_WORK ITEM:_
Make an exact copy, from the records below, of the lines from the line containing "A sleek, stainless-steel" to the line containing "kitchen with hanging", both lines included, excluding pictures.

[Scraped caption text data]
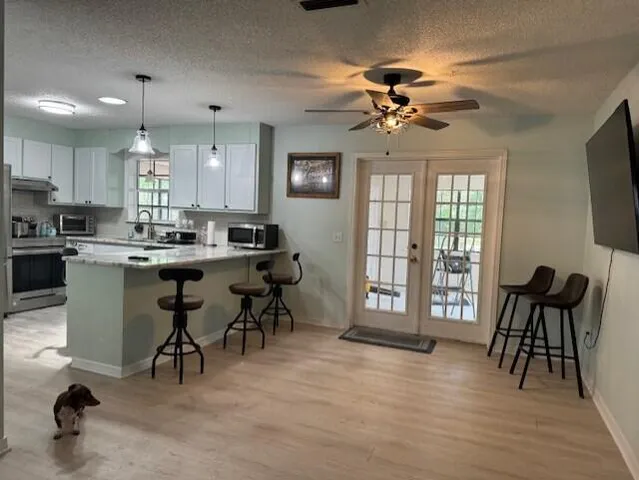 a view of a dining room with furniture and a chandelier fan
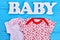 Set of patterned baby-girl clothing.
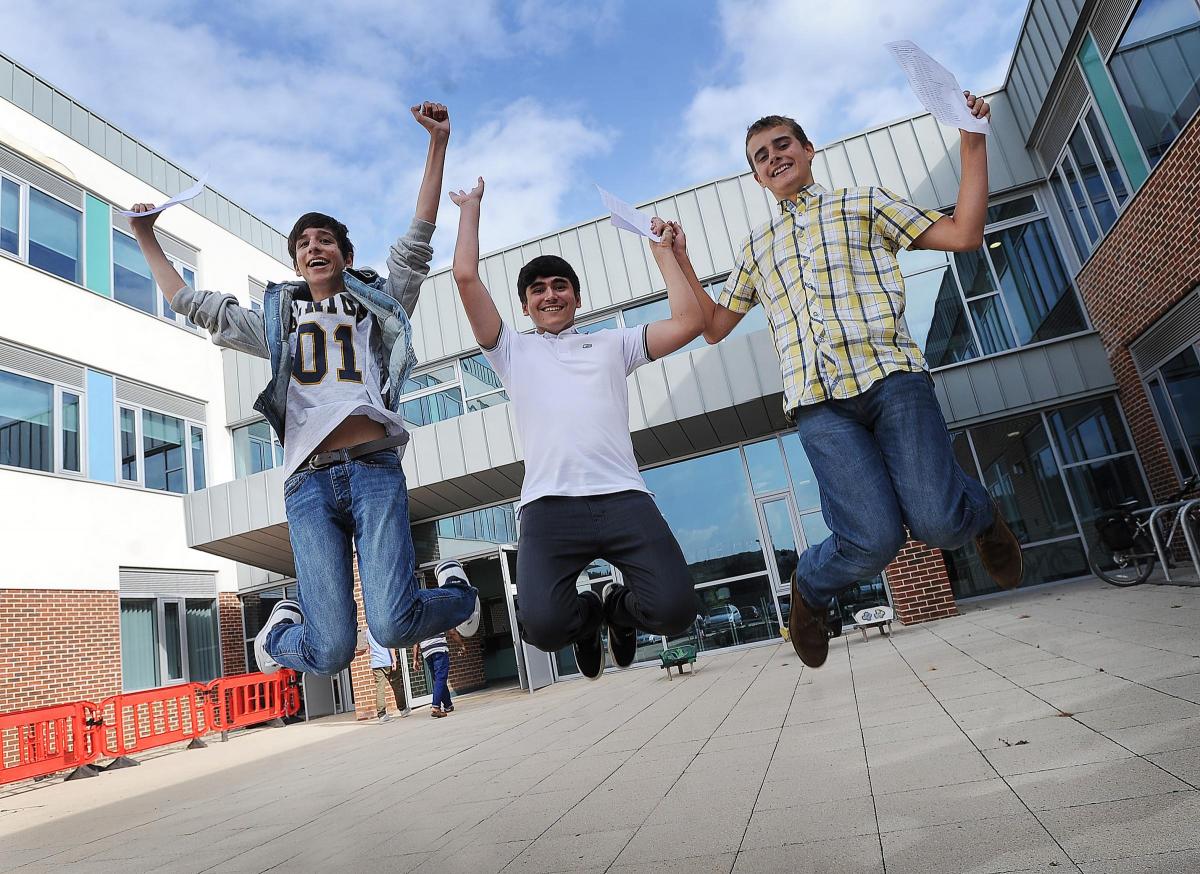 With 12 A* grades each, Nathanial Keidan, Aimen Hassan and Felix Bunting jump for joy on GCSE results day at Beckfoot Grammar School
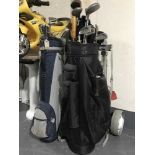 Three golf bags and assorted golf clubs with two folding trolleys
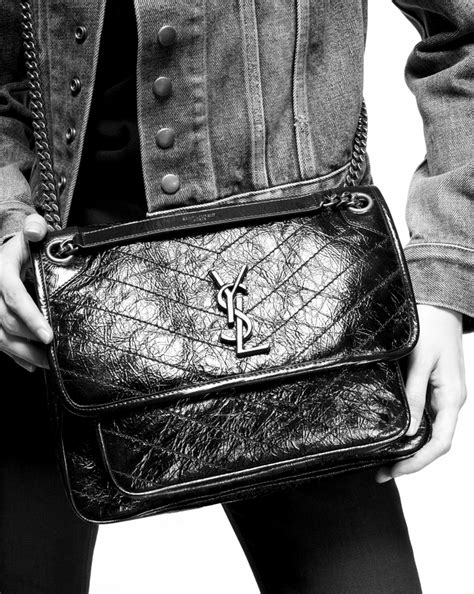 ysl niki baby vintage leather|yves saint laurent niki bag.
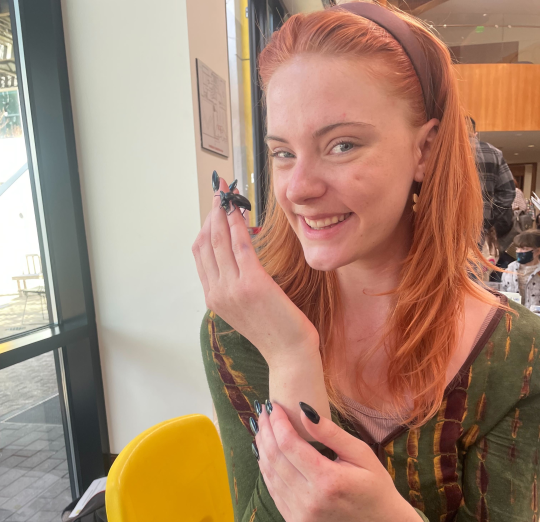 Student holding a beetle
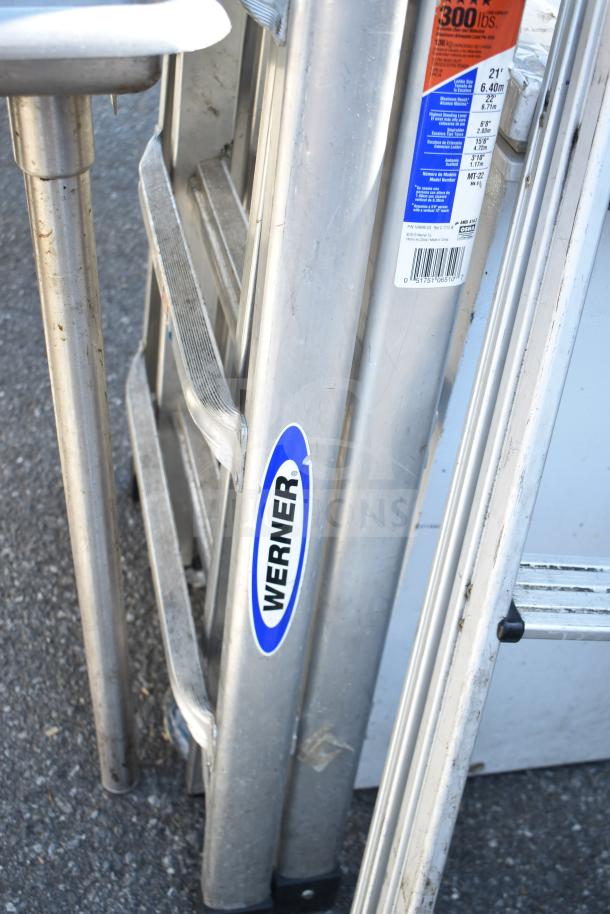 Werner ladders, aluminum, weight capacity 300 lbs, model MT-22, 21 ft, extendable, visible brand and safety labels.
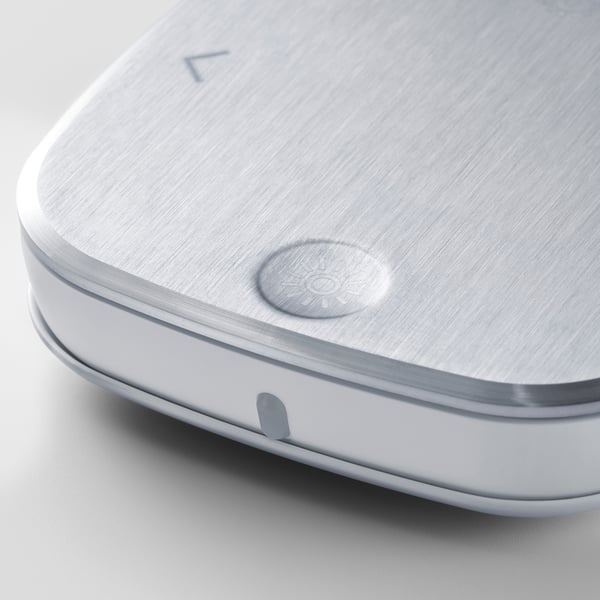 A sleek, stainless-steel remote control with a brushed finish, featuring a sun icon button.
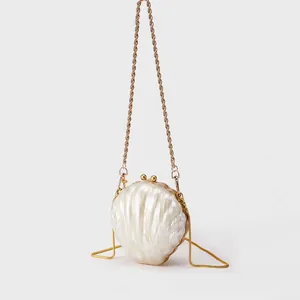 Vue détaillée de la pochette coquillage en acrylique nacré avec cadre doré et fermoir boule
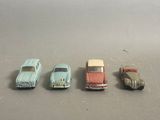 several toy cars are lined up in a row on a table
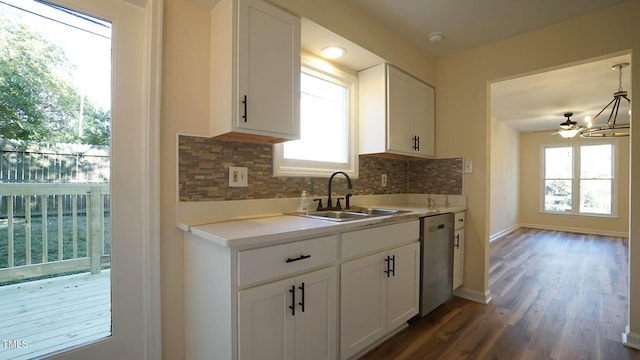 kitchen with hanging light fixtures, sink, stainless steel dishwasher, and white cabinets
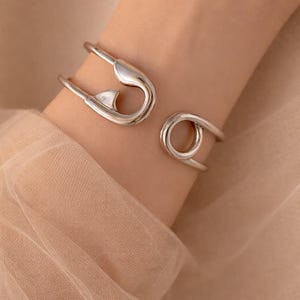 May include: A silver bracelet with a safety pin design. The bracelet has a large safety pin shape and a circular design. The jewellery is worn on a wrist, with a soft, neutral-toned background.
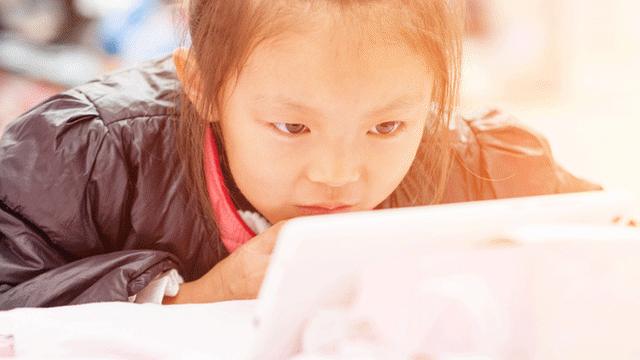 Girl looking at screen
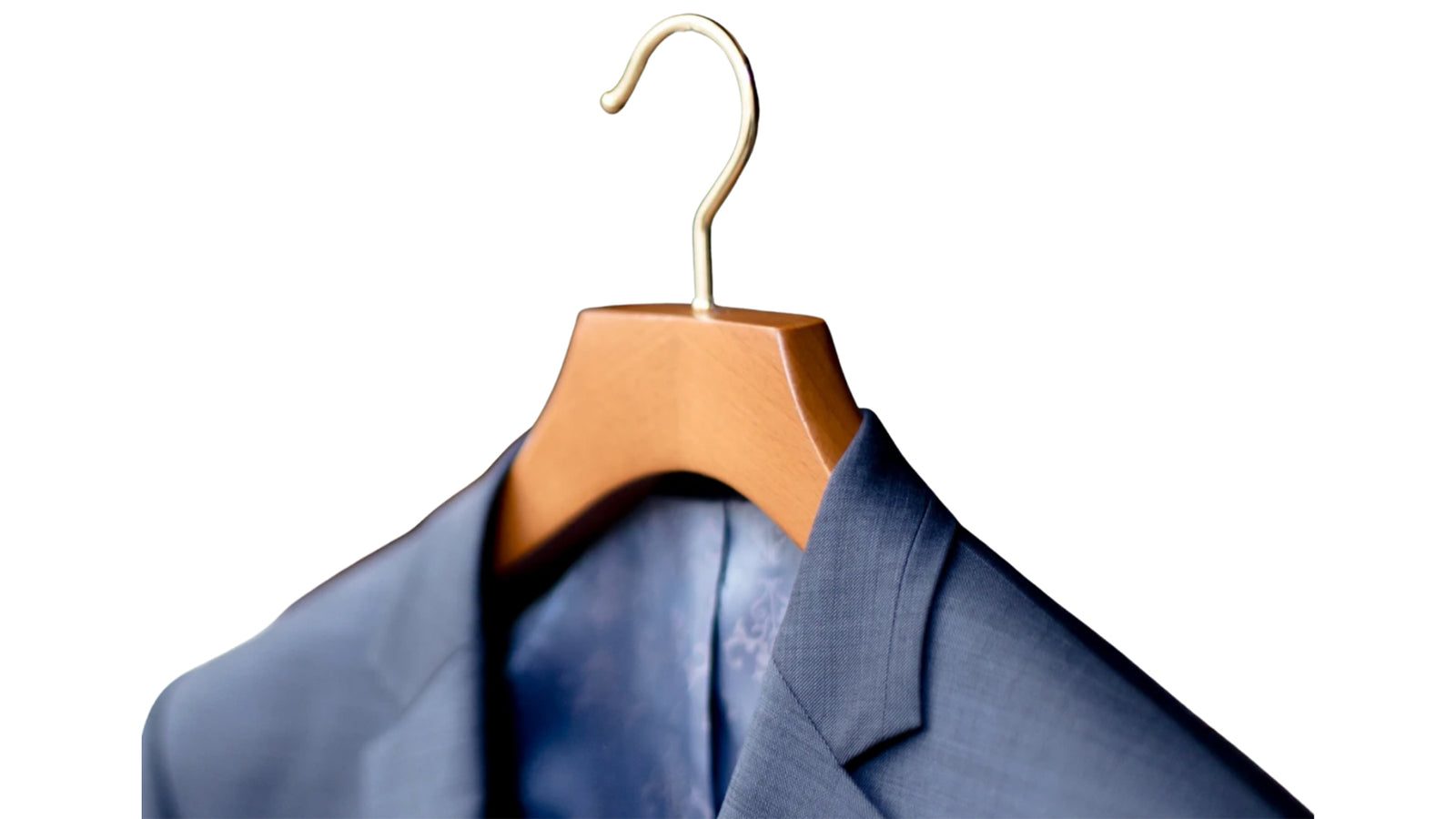 Blue shirt on a wooden hanger against a white background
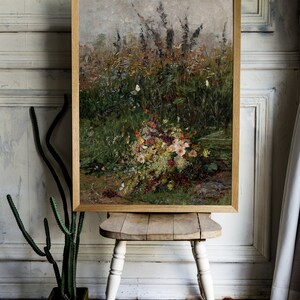 Pode incluir: Uma pintura emoldurada de um buqu&ecirc; de flores silvestres em um campo. As flores s&atilde;o em tons de rosa, branco e amarelo, e h&aacute; borboletas voando ao redor delas.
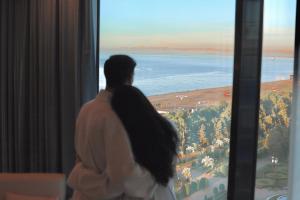 巴统MiraMar Luxury Residences的看着窗外大海的女人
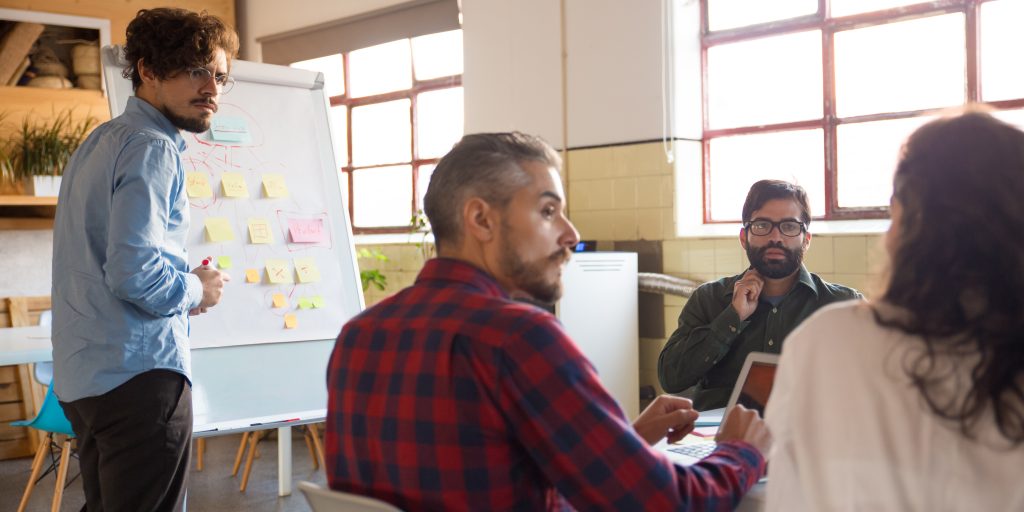 Startup team meeting and discussing ideas in boardroom. Business colleagues in casual working together in contemporary office space. Brainstorming concept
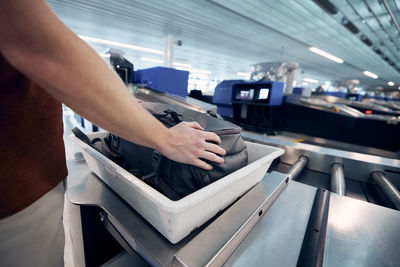 Airport security check. young man waiting for x-ray control his bag.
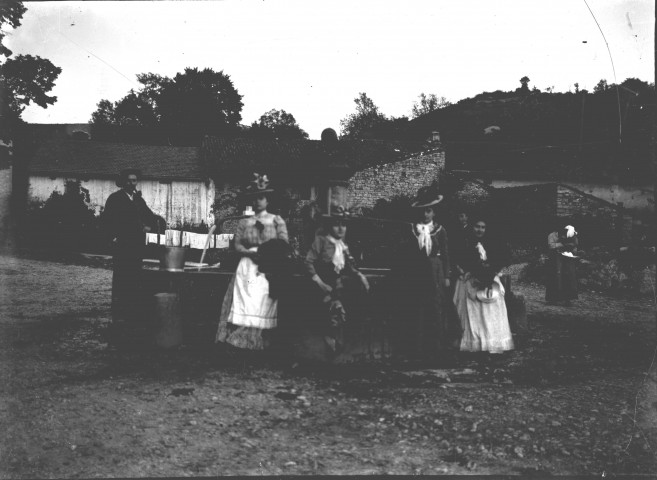 Groupe de femmes et d'hommes autour de la fontaine du village.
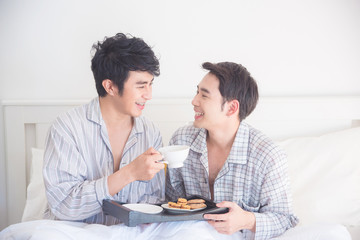 Young Asian Gay couple wearing pajamas sitting on the bed and having breakfast together ,Homosexual couple concept.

_REPLY TO THE EXERCISE:_
 A sleek, stainless-steel remote control with a brushed finish, featuring a sun icon button.
 Vue détaillée de la pochette coquillage en acrylique nacré avec cadre doré et fermoir boule
 several toy cars are lined up in a row on a table
 kitchen with hanging light fixtures, sink, stainless steel dishwasher, and white cabinets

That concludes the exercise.